Ich möchte zum Schluß noch etwas Formelles erwähnen, nämlich daß dieser Punkt von der Tagesordnung der 162. Sitzung am 13. dieses Monats aus gutem Grunde abgesetzt worden ist. Nachdem nun einmal eine gewisse unterschiedliche Auffassung hinsichtlich der Vorlage zwischen der Regierung und den Koalitionsparteien bestand, hielten es die Regierungsparteien für richtig, nach Prüfung der zahlenmäßigen Unterlagen gleich mit bestimmten Vorschlägen, wie das heute geschehen ist, hervorzutreten.
Dazu bedurfte es aber noch einiger Besprechungen, die inzwischen stattgefunden haben; denn mit haushaltsrechtlich ungedeckten Anträgen ist dem betroffenen Bevölkerungskreis nicht gedient!
Diese Absetzung von der Tagesordnung war daher, ebenso wie der seinerzeitige Beschluß des Haushaltsausschusses auf Zurückstellung der Entscheidung über eine Erhöhung der Zulage von 15 auf 20 %, nur von tiefstem Verantwortungsbewußtsein getragen.
Ich möchte dies der Öffentlichkeit gegenüber, die j a die neuliche Absetzung von der Tagesordnung und auch seinerzeit den Haushaltsausschuß kritisiert hat, noch ausdrücklich betonen.

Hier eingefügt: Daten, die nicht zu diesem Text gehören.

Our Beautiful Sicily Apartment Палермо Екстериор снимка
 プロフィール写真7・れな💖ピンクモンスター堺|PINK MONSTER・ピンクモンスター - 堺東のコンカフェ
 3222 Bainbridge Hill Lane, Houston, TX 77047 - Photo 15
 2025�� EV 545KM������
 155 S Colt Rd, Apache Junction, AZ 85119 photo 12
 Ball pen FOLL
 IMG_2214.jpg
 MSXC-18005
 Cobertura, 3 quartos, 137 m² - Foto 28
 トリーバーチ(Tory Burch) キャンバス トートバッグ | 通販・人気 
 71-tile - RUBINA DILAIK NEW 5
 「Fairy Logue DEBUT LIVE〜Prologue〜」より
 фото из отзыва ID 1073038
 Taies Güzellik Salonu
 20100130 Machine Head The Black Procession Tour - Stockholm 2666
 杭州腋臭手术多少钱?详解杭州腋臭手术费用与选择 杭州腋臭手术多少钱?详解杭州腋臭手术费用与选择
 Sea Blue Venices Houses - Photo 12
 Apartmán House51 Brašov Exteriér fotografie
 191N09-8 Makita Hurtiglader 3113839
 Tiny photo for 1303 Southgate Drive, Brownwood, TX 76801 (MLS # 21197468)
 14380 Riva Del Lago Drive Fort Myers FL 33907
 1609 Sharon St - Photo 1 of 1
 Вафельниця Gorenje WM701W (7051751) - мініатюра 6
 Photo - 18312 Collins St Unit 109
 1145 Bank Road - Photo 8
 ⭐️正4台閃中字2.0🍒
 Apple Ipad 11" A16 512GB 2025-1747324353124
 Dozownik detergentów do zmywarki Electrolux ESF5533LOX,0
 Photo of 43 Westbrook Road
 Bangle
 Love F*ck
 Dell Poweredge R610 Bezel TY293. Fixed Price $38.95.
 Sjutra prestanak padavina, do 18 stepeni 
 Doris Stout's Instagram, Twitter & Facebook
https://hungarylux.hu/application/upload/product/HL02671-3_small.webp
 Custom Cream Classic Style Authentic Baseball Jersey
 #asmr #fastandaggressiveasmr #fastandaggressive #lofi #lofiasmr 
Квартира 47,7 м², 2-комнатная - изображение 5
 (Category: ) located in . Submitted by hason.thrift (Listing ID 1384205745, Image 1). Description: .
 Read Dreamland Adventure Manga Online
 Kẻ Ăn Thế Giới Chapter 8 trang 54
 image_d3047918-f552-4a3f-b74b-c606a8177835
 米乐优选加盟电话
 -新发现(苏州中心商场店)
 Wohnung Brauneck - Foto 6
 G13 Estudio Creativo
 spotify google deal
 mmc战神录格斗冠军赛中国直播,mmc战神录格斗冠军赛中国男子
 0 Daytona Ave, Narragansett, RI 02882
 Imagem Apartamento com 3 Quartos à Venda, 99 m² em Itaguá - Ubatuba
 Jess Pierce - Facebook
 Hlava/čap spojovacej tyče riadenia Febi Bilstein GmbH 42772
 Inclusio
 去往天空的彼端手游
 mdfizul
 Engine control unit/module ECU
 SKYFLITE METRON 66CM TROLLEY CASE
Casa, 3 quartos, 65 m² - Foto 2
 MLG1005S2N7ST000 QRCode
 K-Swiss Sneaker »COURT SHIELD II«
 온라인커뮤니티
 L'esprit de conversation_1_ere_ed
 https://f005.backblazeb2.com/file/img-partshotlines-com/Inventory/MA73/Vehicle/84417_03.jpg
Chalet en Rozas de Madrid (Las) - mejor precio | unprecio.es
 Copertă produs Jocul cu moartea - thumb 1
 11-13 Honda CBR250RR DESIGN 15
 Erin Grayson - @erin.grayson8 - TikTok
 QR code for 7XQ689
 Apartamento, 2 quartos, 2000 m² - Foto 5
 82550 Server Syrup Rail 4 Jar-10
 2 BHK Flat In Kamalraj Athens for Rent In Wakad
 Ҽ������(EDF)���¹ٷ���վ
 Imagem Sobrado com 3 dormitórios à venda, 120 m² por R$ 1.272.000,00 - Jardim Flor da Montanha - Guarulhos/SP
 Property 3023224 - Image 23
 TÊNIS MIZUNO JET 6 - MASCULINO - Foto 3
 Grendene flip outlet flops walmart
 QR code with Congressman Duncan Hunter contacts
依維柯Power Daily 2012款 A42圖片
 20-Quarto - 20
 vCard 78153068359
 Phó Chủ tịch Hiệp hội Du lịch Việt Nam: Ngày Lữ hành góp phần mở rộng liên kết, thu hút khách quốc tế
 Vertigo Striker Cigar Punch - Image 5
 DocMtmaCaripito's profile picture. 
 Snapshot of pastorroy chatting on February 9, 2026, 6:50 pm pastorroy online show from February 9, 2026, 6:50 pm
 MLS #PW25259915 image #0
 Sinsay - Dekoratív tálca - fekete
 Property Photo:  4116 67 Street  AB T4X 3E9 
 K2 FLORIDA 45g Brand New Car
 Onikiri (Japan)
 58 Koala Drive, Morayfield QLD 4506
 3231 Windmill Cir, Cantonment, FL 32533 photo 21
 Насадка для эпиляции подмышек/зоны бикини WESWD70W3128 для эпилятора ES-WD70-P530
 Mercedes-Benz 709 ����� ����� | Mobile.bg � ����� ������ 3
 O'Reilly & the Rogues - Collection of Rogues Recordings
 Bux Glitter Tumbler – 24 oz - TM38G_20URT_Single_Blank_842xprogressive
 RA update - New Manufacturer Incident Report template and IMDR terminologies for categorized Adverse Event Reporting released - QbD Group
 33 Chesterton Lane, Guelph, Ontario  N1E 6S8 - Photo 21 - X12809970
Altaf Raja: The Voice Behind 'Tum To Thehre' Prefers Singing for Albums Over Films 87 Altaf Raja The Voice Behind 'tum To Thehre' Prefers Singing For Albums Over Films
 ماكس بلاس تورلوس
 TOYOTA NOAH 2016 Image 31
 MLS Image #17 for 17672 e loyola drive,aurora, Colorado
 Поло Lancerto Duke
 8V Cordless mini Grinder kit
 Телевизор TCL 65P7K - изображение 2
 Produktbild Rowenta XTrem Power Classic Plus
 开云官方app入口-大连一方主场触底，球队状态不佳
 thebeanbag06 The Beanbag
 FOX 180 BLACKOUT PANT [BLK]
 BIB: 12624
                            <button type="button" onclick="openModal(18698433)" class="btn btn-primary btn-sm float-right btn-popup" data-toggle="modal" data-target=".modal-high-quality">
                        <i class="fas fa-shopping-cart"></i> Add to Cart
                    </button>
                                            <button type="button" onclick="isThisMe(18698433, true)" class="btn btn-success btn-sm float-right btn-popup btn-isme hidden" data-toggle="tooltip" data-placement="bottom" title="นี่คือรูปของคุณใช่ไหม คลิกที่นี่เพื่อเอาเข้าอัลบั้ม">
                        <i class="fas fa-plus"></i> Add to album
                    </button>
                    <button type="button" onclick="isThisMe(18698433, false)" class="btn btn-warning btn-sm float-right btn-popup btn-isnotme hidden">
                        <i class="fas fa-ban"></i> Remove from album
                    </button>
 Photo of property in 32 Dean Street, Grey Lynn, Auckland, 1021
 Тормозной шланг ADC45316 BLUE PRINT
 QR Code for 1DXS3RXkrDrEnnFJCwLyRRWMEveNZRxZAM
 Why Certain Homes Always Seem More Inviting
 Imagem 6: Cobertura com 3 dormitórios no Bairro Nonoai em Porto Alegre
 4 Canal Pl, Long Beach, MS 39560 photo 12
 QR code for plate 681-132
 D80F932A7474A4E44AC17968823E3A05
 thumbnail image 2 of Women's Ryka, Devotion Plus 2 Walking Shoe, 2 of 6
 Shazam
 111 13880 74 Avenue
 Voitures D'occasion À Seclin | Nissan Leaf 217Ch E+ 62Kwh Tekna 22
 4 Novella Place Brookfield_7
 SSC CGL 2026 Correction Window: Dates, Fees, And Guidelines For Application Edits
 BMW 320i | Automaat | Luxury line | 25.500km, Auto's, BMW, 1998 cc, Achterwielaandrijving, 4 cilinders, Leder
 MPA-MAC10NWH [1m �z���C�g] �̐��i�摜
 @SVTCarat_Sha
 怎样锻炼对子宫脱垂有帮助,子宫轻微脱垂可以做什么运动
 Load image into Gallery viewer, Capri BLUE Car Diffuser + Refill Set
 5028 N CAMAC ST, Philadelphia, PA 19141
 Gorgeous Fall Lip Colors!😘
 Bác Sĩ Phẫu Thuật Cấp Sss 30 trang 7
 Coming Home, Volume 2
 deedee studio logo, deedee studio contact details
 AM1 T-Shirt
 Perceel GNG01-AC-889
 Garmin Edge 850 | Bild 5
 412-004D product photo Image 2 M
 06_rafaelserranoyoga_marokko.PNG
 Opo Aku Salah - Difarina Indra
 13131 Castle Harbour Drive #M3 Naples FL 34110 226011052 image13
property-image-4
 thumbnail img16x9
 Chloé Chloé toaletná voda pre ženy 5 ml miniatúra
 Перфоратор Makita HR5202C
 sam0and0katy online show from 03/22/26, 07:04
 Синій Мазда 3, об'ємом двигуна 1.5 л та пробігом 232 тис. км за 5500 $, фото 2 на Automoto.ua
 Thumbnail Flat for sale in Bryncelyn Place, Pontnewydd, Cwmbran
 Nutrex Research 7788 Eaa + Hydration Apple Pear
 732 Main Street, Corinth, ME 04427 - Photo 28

Ich beantrage nun namens der Fraktionen CDU/ CSU, FDP und DP, die Regierungsvorlage Drucksache Nr. 2504 und alle dazu gestellten Anträge dem Ausschuß für Beamtenrecht zu überweisen; das sind die Anträge der Bayernpartei Drucksache Nr. 2439 und 2445, die Anträge der FDP Drucksache Nr. 2470 und der Deutschen Partei Drucksache Nr. 2511. Unter Bezugnahme auf die soeben gemeinsam abgegebene Erklärung der Regierungsparteien verzichten die Deutsche Partei und die Freie Demokratische Partei auf eine eigene Begründung ihrer Anträge.